**WHAT TO DO:** Write the data out again exactly, dropping any images it holds.

[ENTRIES PROVIDED]

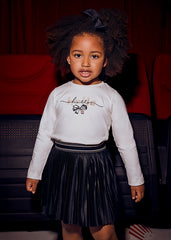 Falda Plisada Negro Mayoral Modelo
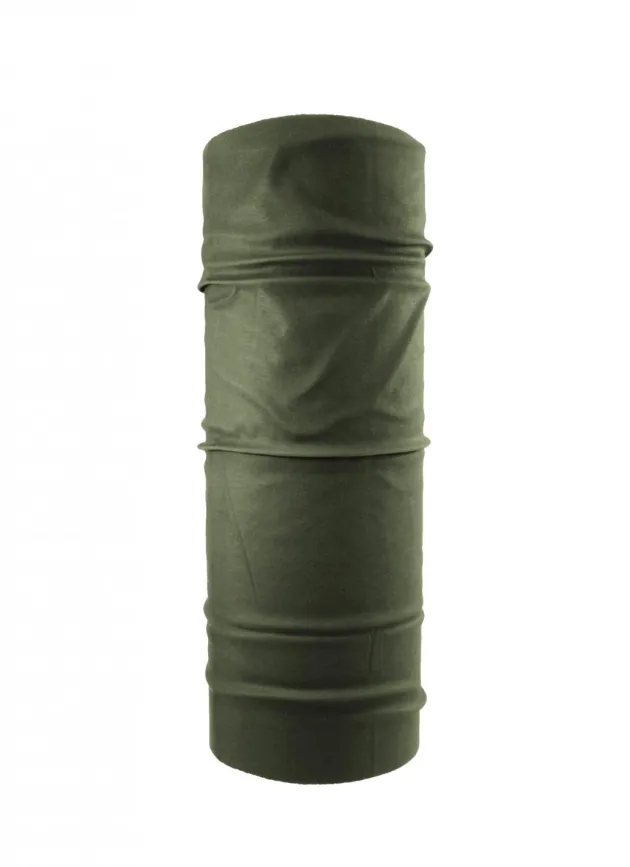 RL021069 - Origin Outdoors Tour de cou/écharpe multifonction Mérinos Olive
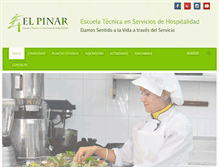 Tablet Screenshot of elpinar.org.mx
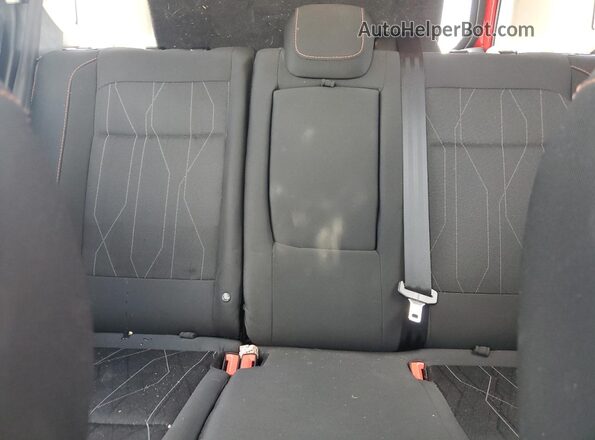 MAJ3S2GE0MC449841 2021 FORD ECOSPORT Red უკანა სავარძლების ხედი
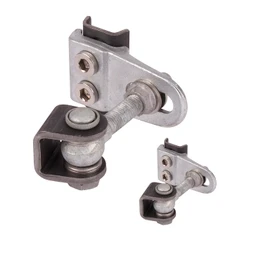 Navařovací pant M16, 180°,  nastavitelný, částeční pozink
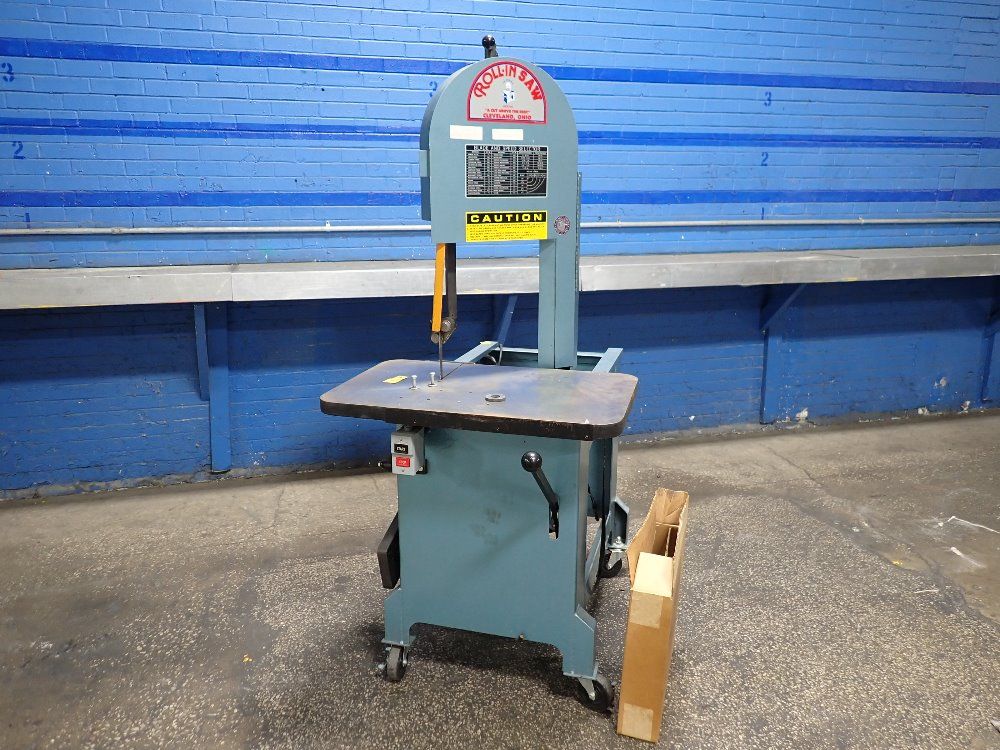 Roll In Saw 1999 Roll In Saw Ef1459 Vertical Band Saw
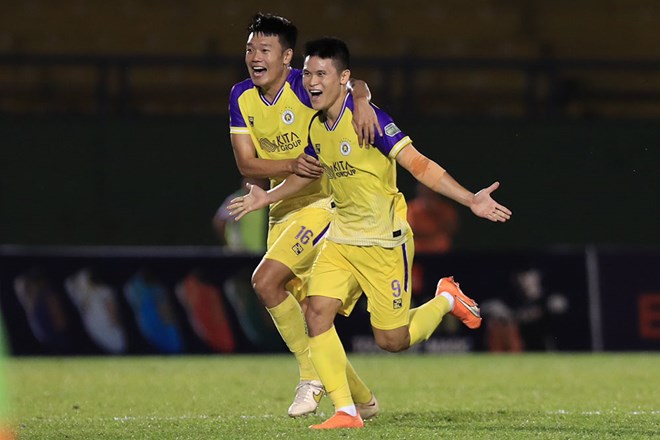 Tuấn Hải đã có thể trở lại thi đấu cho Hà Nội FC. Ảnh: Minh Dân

[/ENTRIES PROVIDED]

**THE ANSWER:**
 Falda Plisada Negro Mayoral Modelo
 RL021069 - Origin Outdoors Tour de cou/écharpe multifonction Mérinos Olive
 Tablet Screenshot of elpinar.org.mx
 MAJ3S2GE0MC449841 2021 FORD ECOSPORT Red უკანა სავარძლების ხედი
 Navařovací pant M16, 180°,  nastavitelný, částeční pozink
 Roll In Saw 1999 Roll In Saw Ef1459 Vertical Band Saw
 Tuấn Hải đã có thể trở lại thi đấu cho Hà Nội FC. Ảnh: Minh Dân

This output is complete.